> [What the task asks] Write out every entry exactly as given, but omit the pictures.

> [Provided entries]
-- -- --
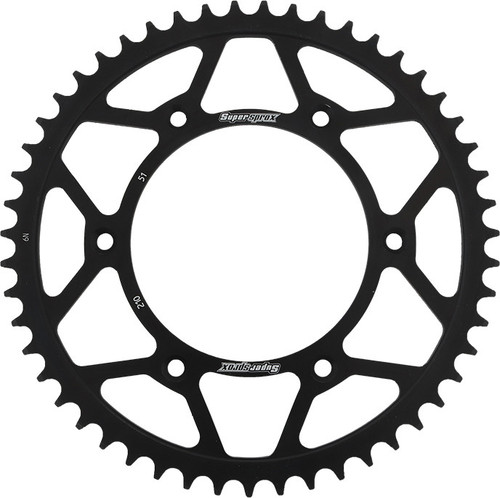 REAR SPROCKET STEEL 51T-520 BLK HON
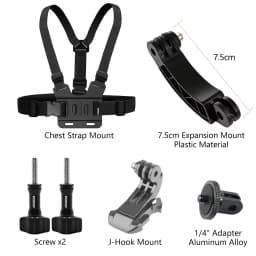 Action Camera Accessories Kit Head Strap Chest Strap Mount Adjustable Holder for GoPro Phone DJI Osmo SJCAM AKASO Insta360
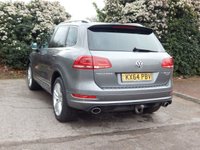 USED 2014 64 VOLKSWAGEN TOUAREG 3.0 V6 R-LINE TDI BLUEMOTION TECHNOLOGY 5d  F/MSH-SATNAV-DAB-BLUETOOTH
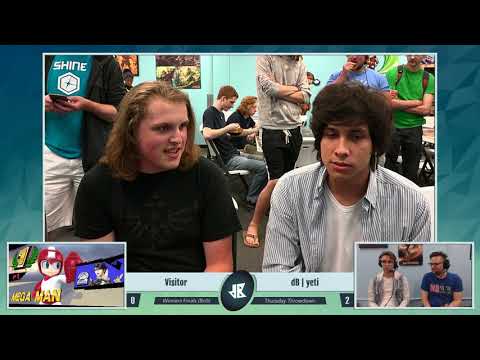 [LUG Sm4sh — 8/16/18] WFinals: Visitor (Bayonetta) vs. dB | yeti (Mega Man)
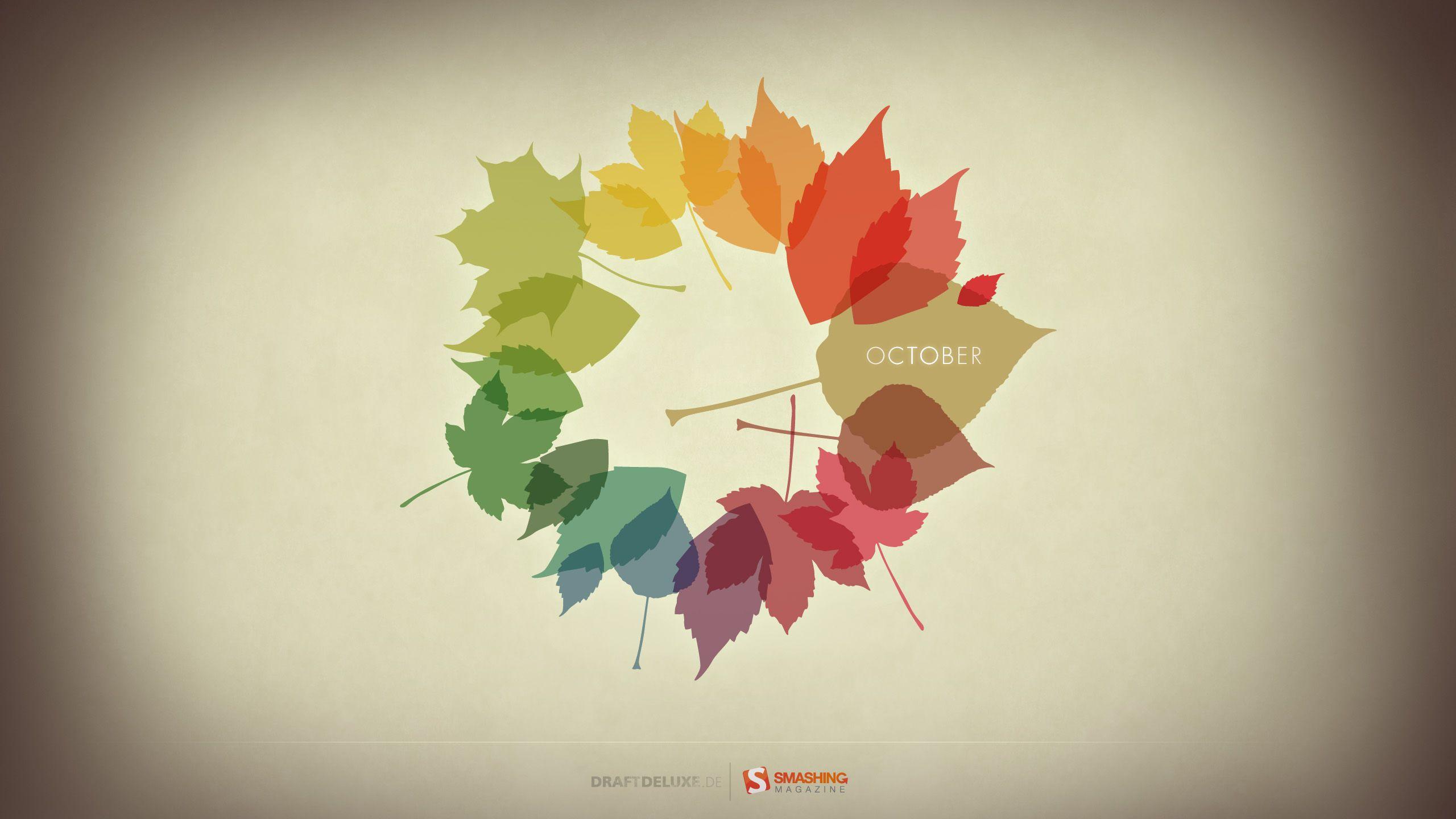 autumn, leaves, October, simple background, Smashing magazine, color
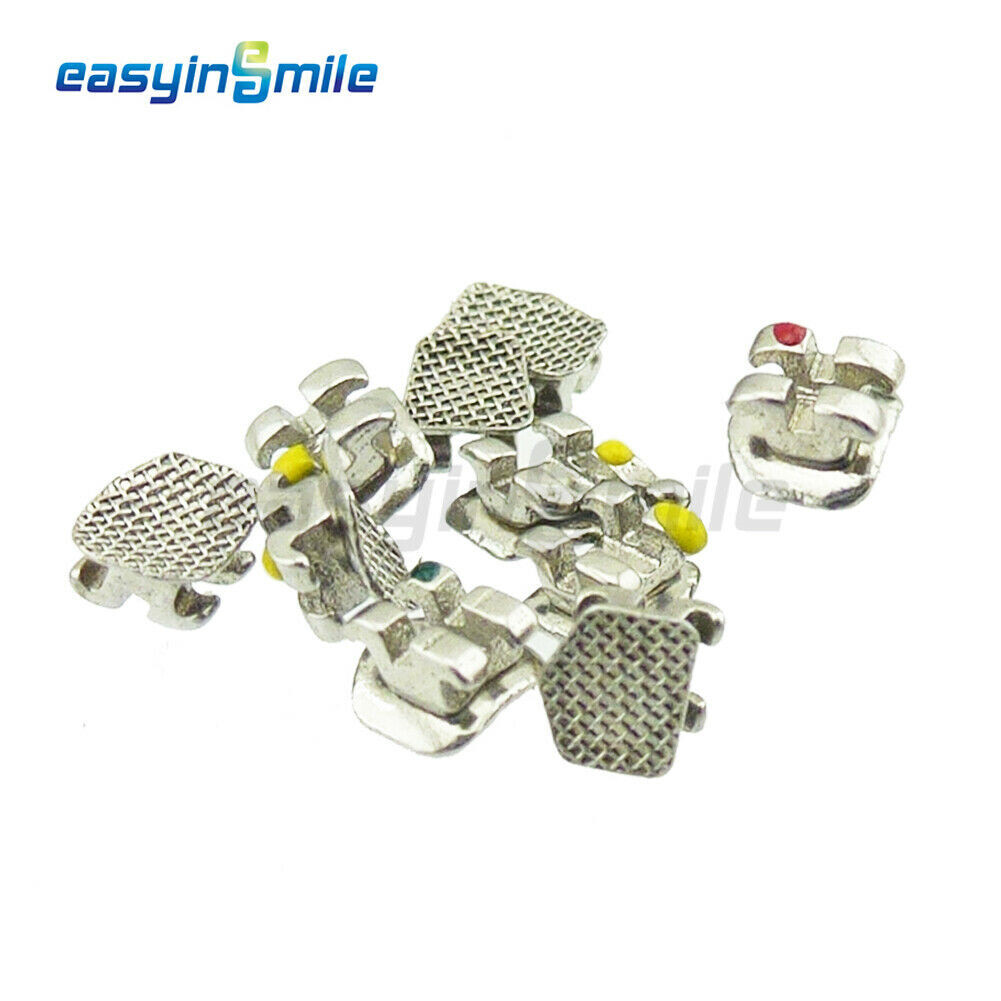 Dental Ortho Seli-Ligating Bracket Metal Brace Power Chains Elastic Ligature Tie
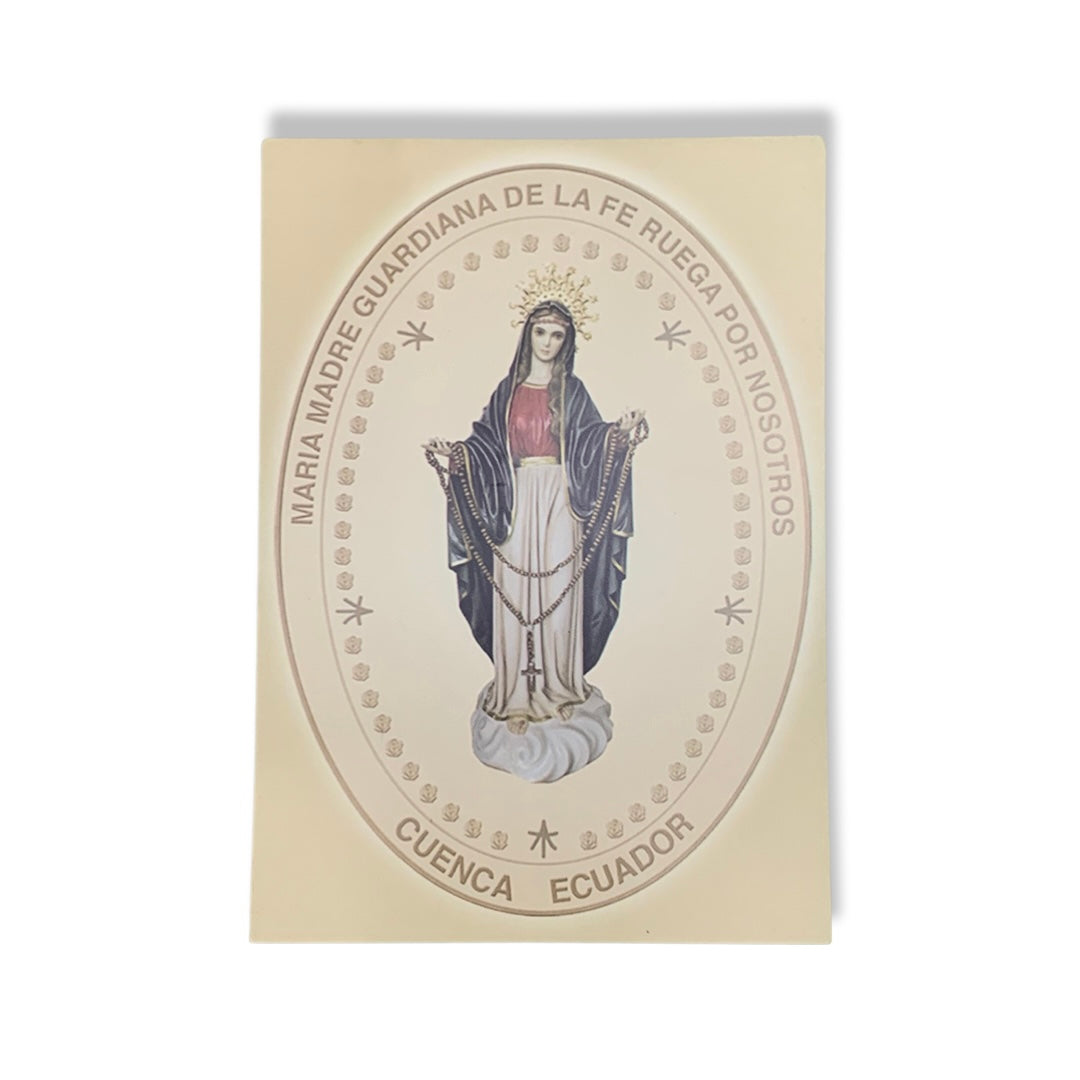 Wood Rosary with Image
-- -- --
> [Output of the exercise]
 REAR SPROCKET STEEL 51T-520 BLK HON
 Action Camera Accessories Kit Head Strap Chest Strap Mount Adjustable Holder for GoPro Phone DJI Osmo SJCAM AKASO Insta360
 USED 2014 64 VOLKSWAGEN TOUAREG 3.0 V6 R-LINE TDI BLUEMOTION TECHNOLOGY 5d  F/MSH-SATNAV-DAB-BLUETOOTH
 [LUG Sm4sh — 8/16/18] WFinals: Visitor (Bayonetta) vs. dB | yeti (Mega Man)
 autumn, leaves, October, simple background, Smashing magazine, color
 Dental Ortho Seli-Ligating Bracket Metal Brace Power Chains Elastic Ligature Tie
 Wood Rosary with Image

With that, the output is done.